United States District Court, E.D. Wisconsin

September 25, 2019

RONNELL DONYELL FARR, Petitioner,
v.
WILLIAM J. POLLARD, Respondent.

          DECISION AND ORDER DENYING PETITION FOR WRIT OF HABEAS CORPUS

          DAVID E. JONES, United States Magistrate Judge.

         In 2011, Ronnell Donyell Farr was sentenced to life in prison after a Wisconsin jury convicted him of the first-degree murder of Michael Bender outside a Milwaukee nightclub. Mr. Farr filed a post-conviction motion, arguing that his trial lawyer failed to investigate key evidence. He further argued that his post-conviction lawyer erred in failing to allege that his trial lawyer was ineffective, the prosecutor engaged in misconduct, and the trial court abused its discretion in allowing certain evidence to be presented. The state courts rejected Mr. Farr’s arguments, finding that he had not demonstrated that either lawyer exhibited deficient performance or that he was prejudiced by his lawyers’ alleged errors. Mr. Farr is currently serving his sentence at Dodge Correctional Institution in Waupun, Wisconsin.

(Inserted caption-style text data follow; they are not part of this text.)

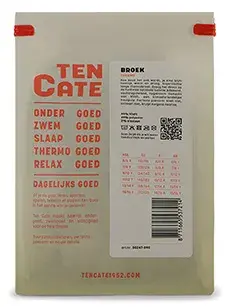 Thermobroek kind - Ten Cate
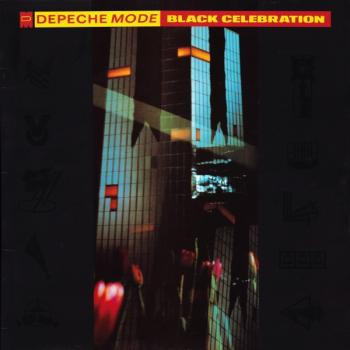 DEPECHE MODE - BLACK CELEBRATION - Меломания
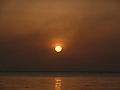 Sunrise On The Indian Ocean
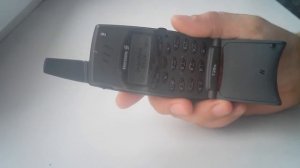 Распаковка Sony Ericsson T28s из Китая
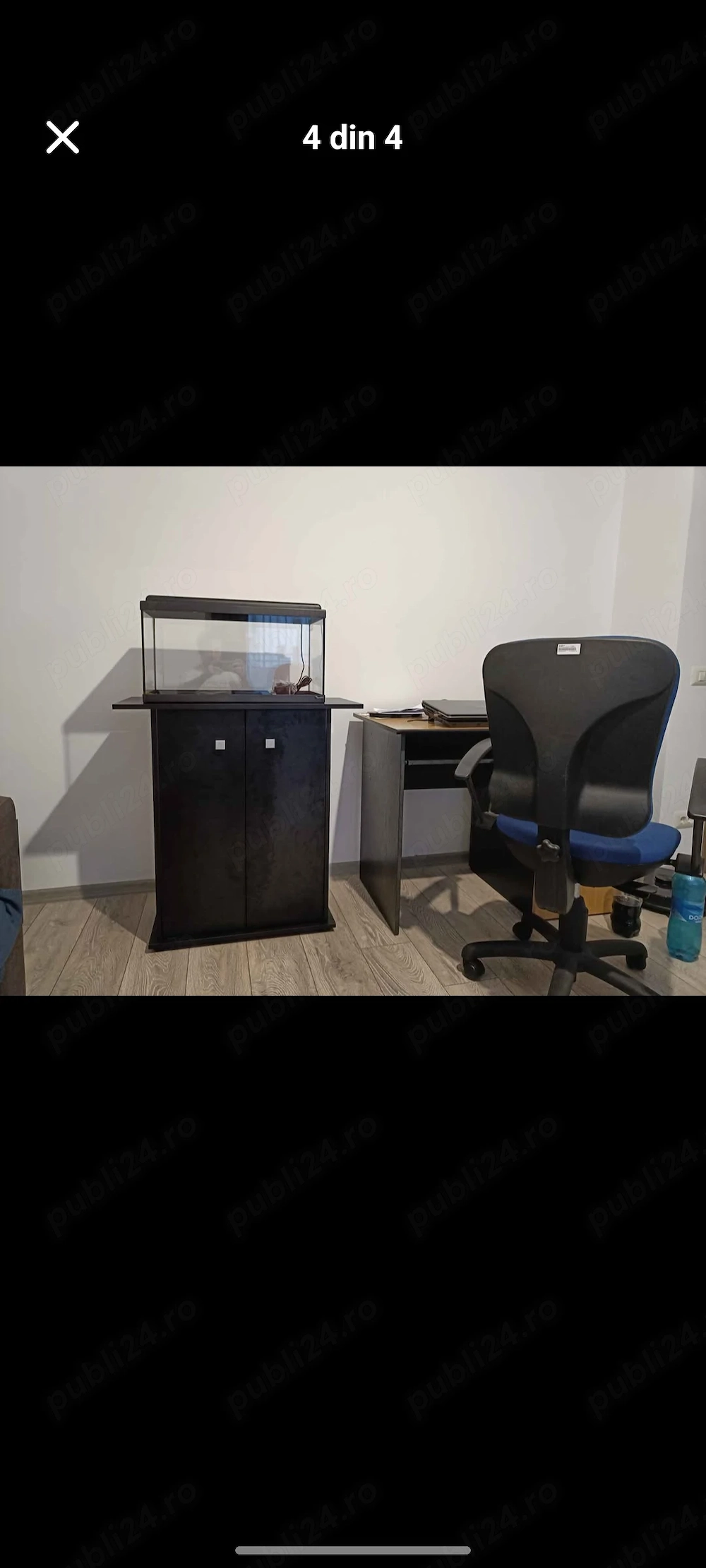 Mobilier acvariu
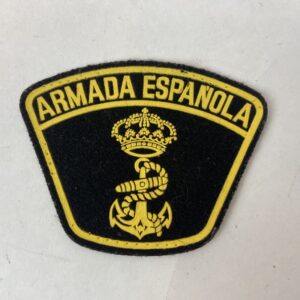 Parche: Armada Española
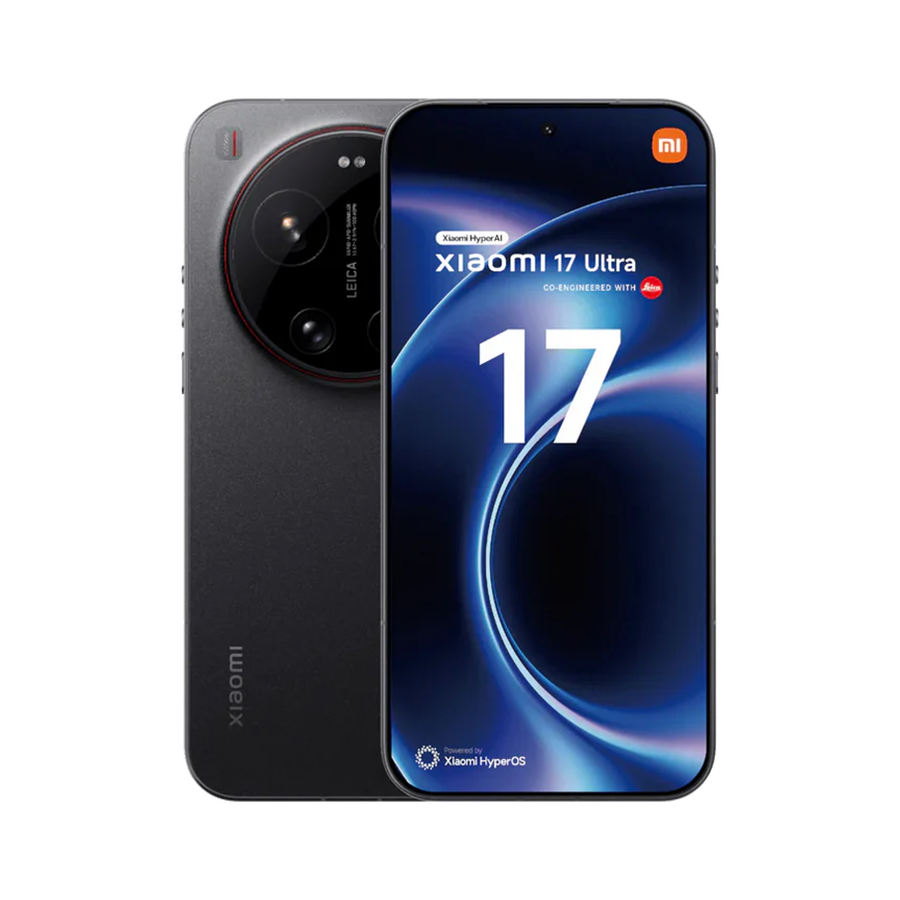 Mobitel Xiaomi 17 Ultra 16GB 512GB Black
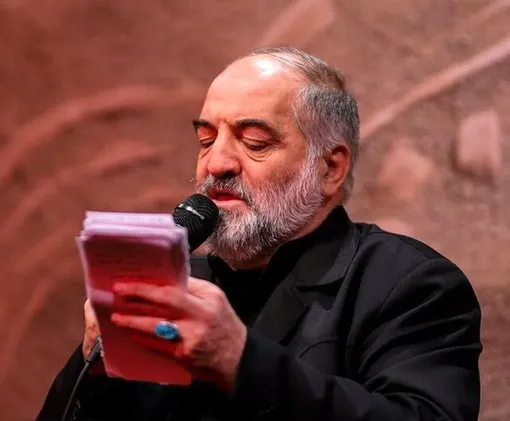 مداح معروف بازیگر شد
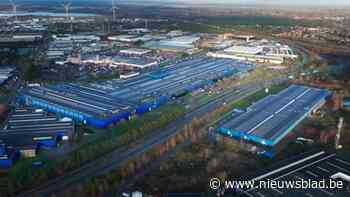 Profel installeert 18.000 zonnepanelen op sites in Pelt en Achel, goed voor kwart van energiebehoefte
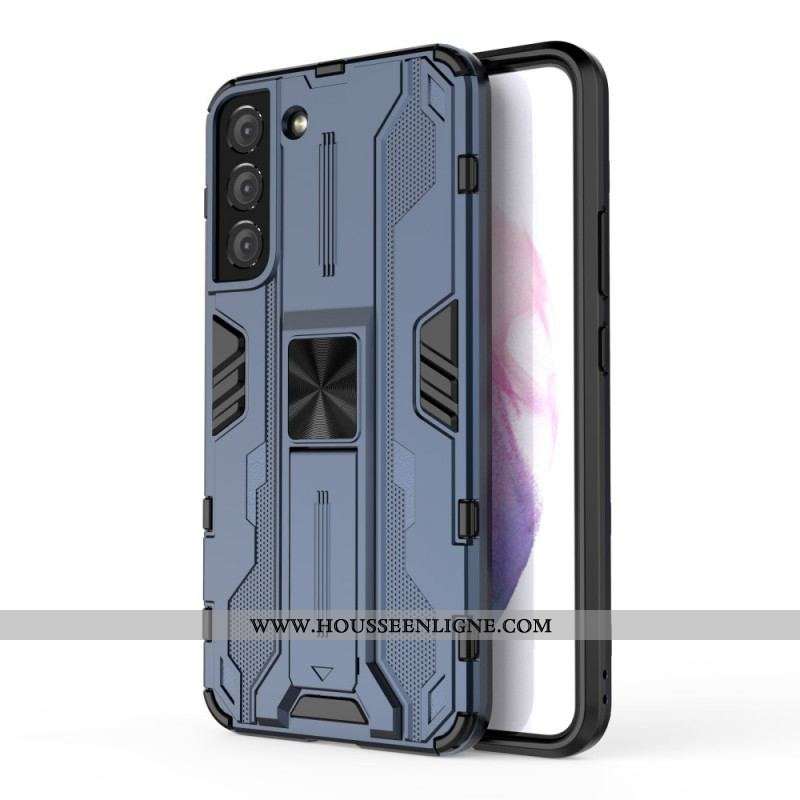 Coque Samsung Galaxy S22 Plus 5G Support Amovible
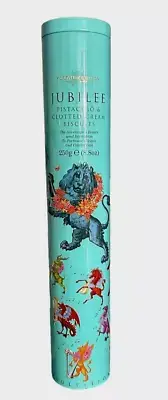 Fortnum and Mason Queen's Diamond Jubilee Tins (Empty)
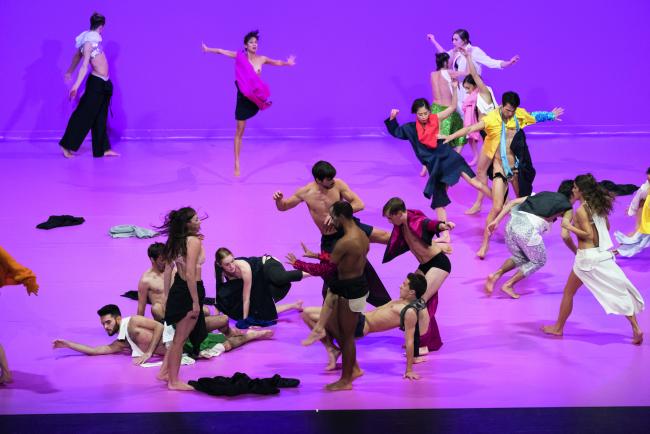 Festival sens dessus dessous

         In June 2017, Mr. Farr filed a petition for a writ of habeas corpus pursuant to 28 U.S.C. § 2254, alleging that he is in custody in violation of the United States Constitution because his trial and post-conviction lawyers provided ineffective assistance of counsel. The respondent maintains that Mr. Farr has not satisfied his burden of proving that his claims merit relief under the deferential standards set forth in § 2254. The Court agrees. Because the state court’s decision denying Mr. Farr’s claims was not objectively unreasonable, Farr is not entitled to relief under § 2254. The Court therefore will deny his federal habeas petition.

         I. Background

         On March 28, 2010, Michael Bender was shot and killed outside Quarters nightclub in Milwaukee’s Riverwest neighborhood. See Exhibit 2 to Answer to Petition for a Writ of Habeas Corpus, ECF No. 20-2:7. A few days later, Ronnell Farr was arrested and interrogated about Bender’s death. See Id . at 7–12. After several interrogations, Mr. Farr confessed to Detective Rodolfo Gomez that he had shot Bender, id. at 11–12, though he claimed the shooting was unintentional, see Id . at 23.

         A. Circuit Court proceedings

          On April 5, 2010, Mr. Farr was charged in Milwaukee County Circuit Court with first-degree intentional homicide with the use of a dangerous weapon. Id. at 14. Prior to trial, Mr. Farr filed a motion to determine the admissibility of his statements to law enforcement. Id. Following a hearing, the Circuit Court concluded that Mr. Farr’s statement to Detective Gomez was voluntary and could be used at trial. See Exhibit 25 to Answer, ECF No. 20-25; Exhibit 26 to Answer, ECF No. 20-26:1–35.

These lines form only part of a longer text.